▶ **What is required**
Pictures in the data should be dropped; transcribe exactly the lines from the one that has "Chapter 1, which" through the one that has "Option D — frequent".

▶ **Input records**
[Start of section]
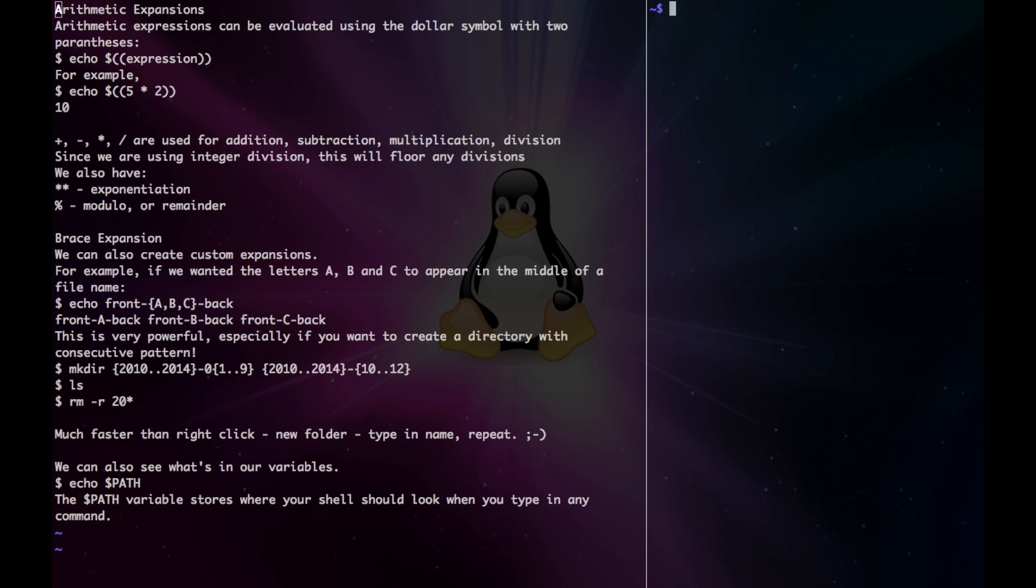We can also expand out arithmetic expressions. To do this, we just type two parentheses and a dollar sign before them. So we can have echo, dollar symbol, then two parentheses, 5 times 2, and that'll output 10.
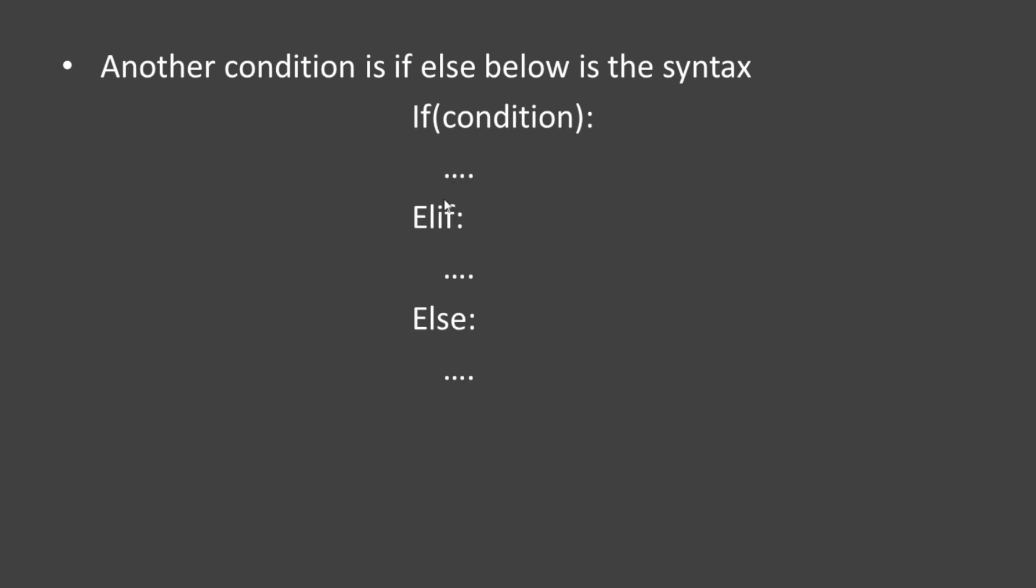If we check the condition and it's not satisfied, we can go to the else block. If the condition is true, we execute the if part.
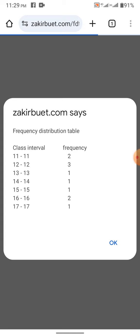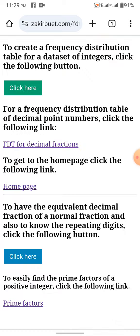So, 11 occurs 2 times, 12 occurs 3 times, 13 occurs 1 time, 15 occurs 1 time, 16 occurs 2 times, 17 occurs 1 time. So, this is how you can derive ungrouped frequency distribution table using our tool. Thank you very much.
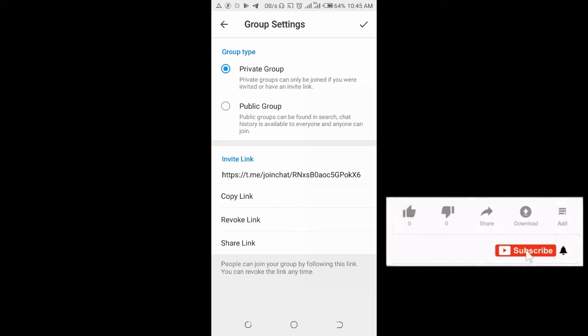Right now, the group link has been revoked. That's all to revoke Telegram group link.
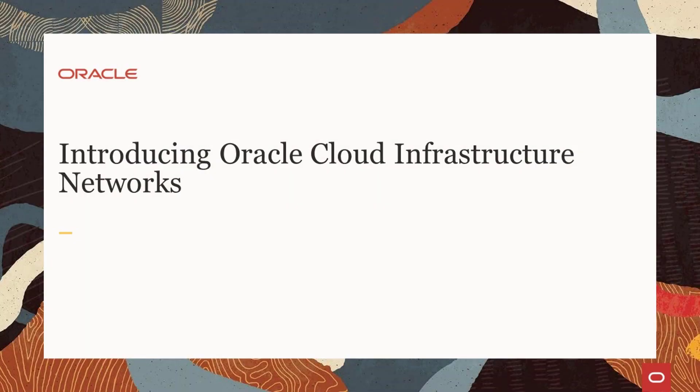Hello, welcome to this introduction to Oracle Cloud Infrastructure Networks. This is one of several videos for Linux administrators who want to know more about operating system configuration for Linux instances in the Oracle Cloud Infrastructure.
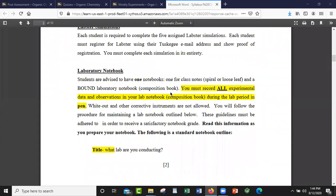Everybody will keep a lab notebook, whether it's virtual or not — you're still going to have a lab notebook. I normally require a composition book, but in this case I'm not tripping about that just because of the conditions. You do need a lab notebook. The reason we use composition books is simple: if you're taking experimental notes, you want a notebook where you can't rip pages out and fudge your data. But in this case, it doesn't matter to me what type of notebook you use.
[End of section]
[Start of section]
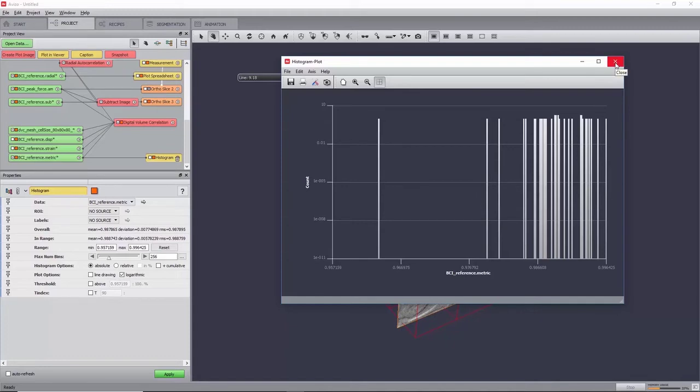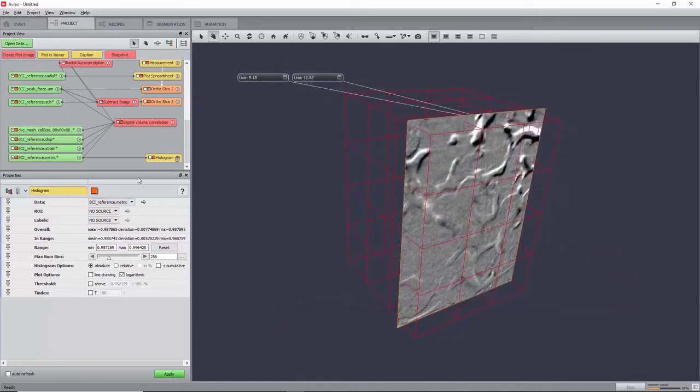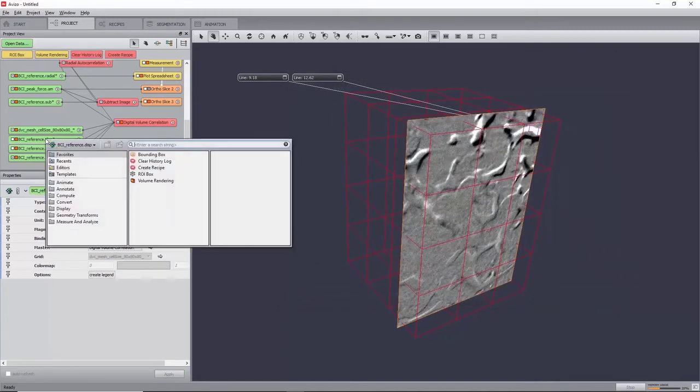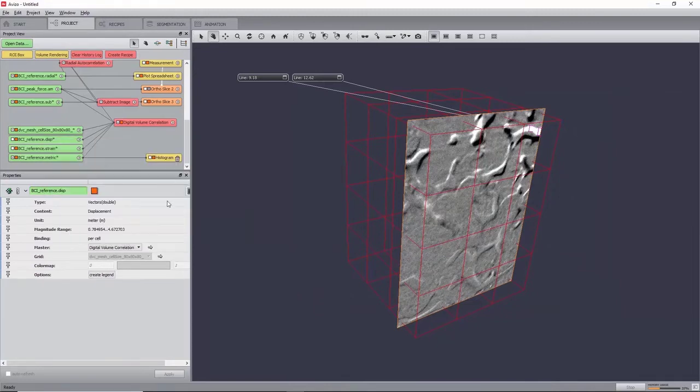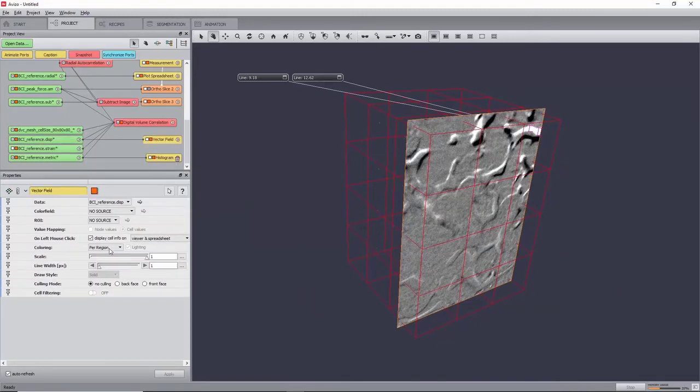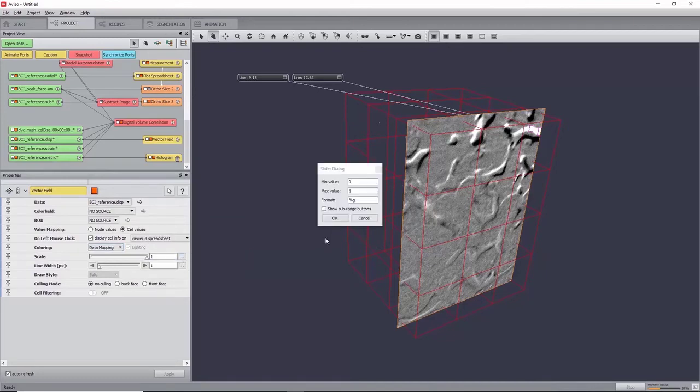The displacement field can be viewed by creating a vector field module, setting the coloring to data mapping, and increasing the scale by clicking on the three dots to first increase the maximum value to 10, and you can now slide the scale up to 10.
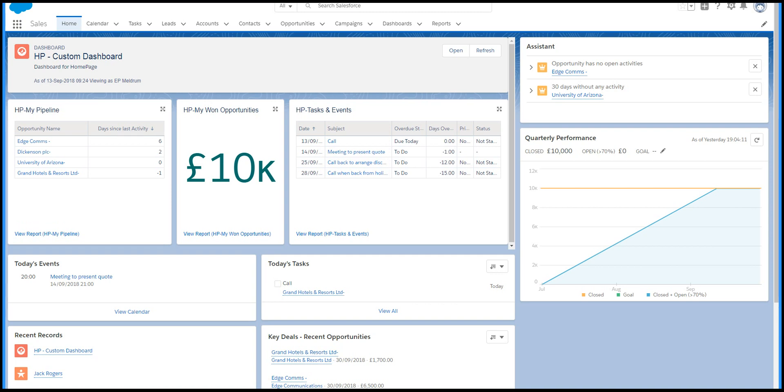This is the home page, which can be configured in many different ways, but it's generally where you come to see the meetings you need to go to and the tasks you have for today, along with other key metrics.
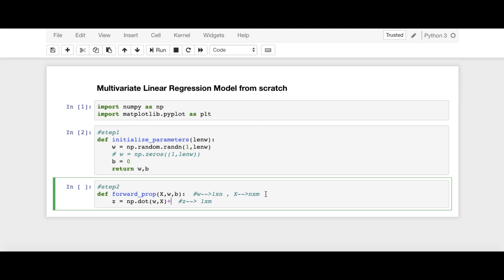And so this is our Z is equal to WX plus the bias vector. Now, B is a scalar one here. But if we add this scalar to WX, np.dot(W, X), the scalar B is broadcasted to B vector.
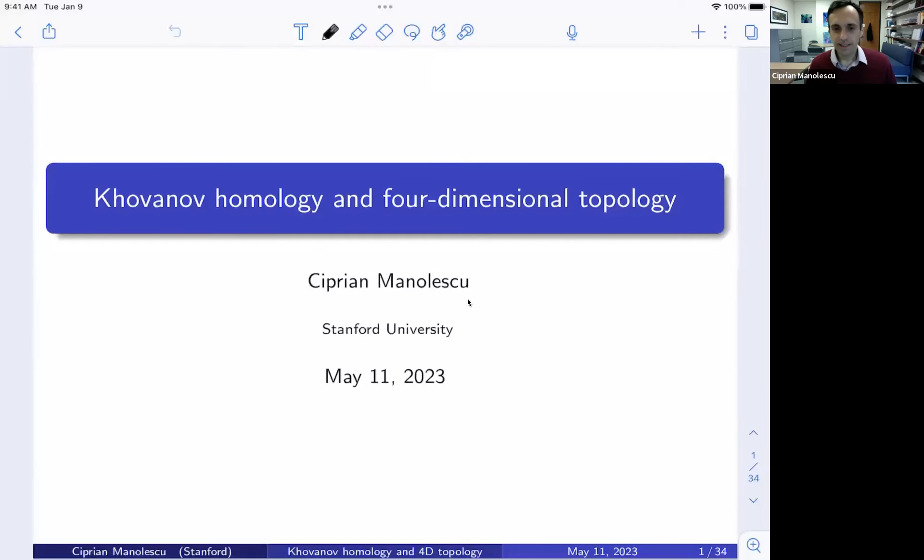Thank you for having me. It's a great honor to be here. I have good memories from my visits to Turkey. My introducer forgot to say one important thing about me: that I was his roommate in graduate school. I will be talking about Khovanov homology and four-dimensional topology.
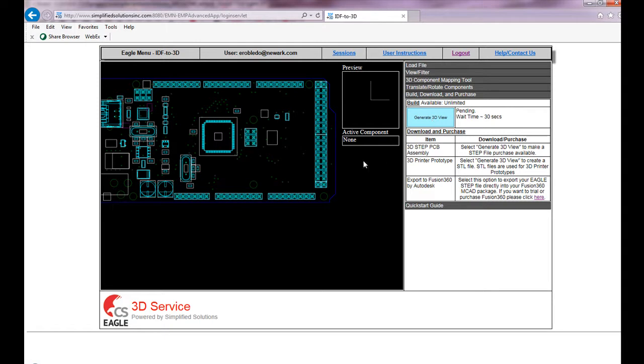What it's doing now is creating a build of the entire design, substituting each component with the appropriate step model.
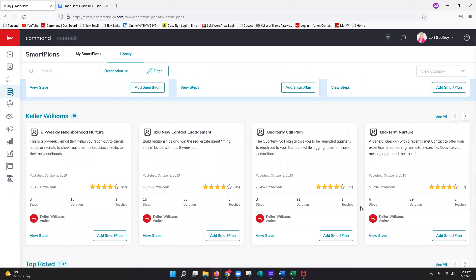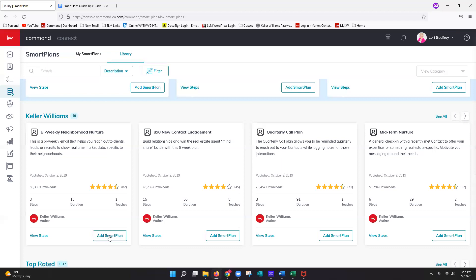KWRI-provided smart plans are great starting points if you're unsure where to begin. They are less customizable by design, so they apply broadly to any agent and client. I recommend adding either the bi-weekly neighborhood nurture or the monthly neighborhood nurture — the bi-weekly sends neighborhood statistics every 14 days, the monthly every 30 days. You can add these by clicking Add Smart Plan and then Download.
[End of section]
[Start of section]
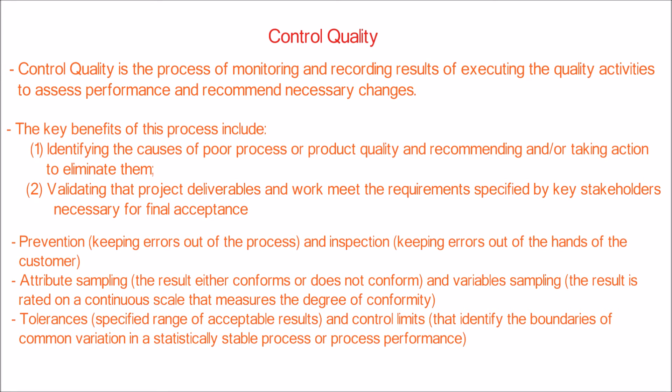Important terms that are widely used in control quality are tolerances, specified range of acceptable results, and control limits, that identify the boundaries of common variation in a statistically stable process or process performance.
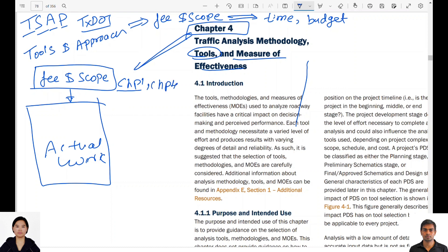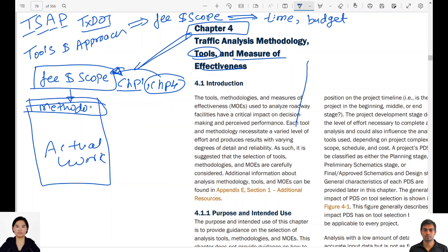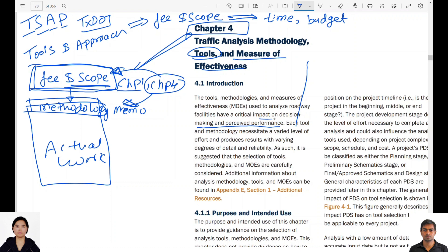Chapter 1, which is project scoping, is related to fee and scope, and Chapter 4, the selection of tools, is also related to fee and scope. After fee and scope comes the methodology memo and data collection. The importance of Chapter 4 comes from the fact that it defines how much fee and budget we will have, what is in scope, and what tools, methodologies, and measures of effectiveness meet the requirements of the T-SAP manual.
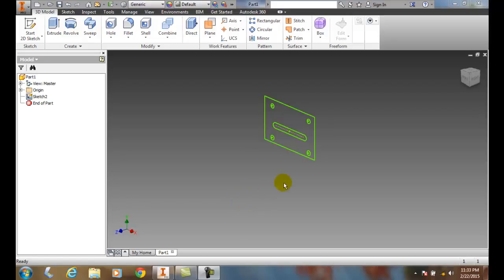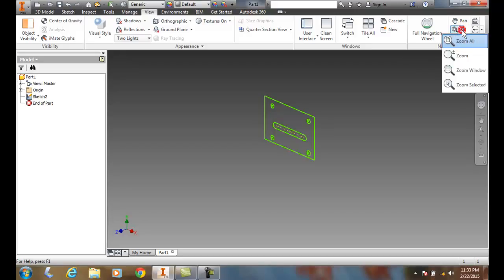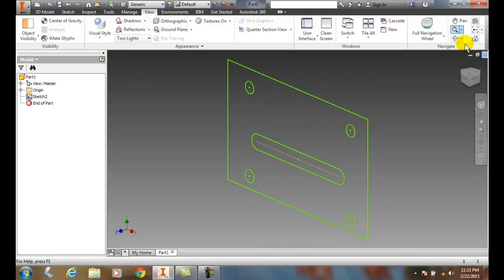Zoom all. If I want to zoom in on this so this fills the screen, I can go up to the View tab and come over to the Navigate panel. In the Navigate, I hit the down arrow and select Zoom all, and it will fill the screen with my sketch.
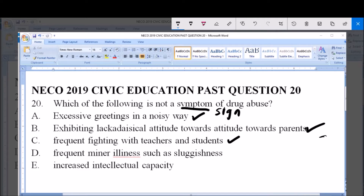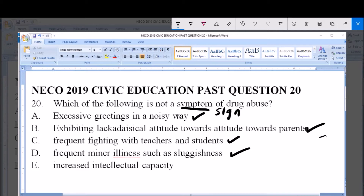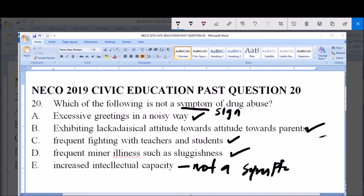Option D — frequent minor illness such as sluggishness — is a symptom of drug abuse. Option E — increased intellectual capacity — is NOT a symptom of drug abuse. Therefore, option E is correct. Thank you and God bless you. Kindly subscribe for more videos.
[End of section]
▶ **Answer section**
Chapter 1, which is project scoping, is related to fee and scope, and Chapter 4, the selection of tools, is also related to fee and scope. After fee and scope comes the methodology memo and data collection. The importance of Chapter 4 comes from the fact that it defines how much fee and budget we will have, what is in scope, and what tools, methodologies, and measures of effectiveness meet the requirements of the T-SAP manual.
Zoom all. If I want to zoom in on this so this fills the screen, I can go up to the View tab and come over to the Navigate panel. In the Navigate, I hit the down arrow and select Zoom all, and it will fill the screen with my sketch.
Option D — frequent minor illness such as sluggishness — is a symptom of drug abuse. Option E — increased intellectual capacity — is NOT a symptom of drug abuse. Therefore, option E is correct. Thank you and God bless you. Kindly subscribe for more videos.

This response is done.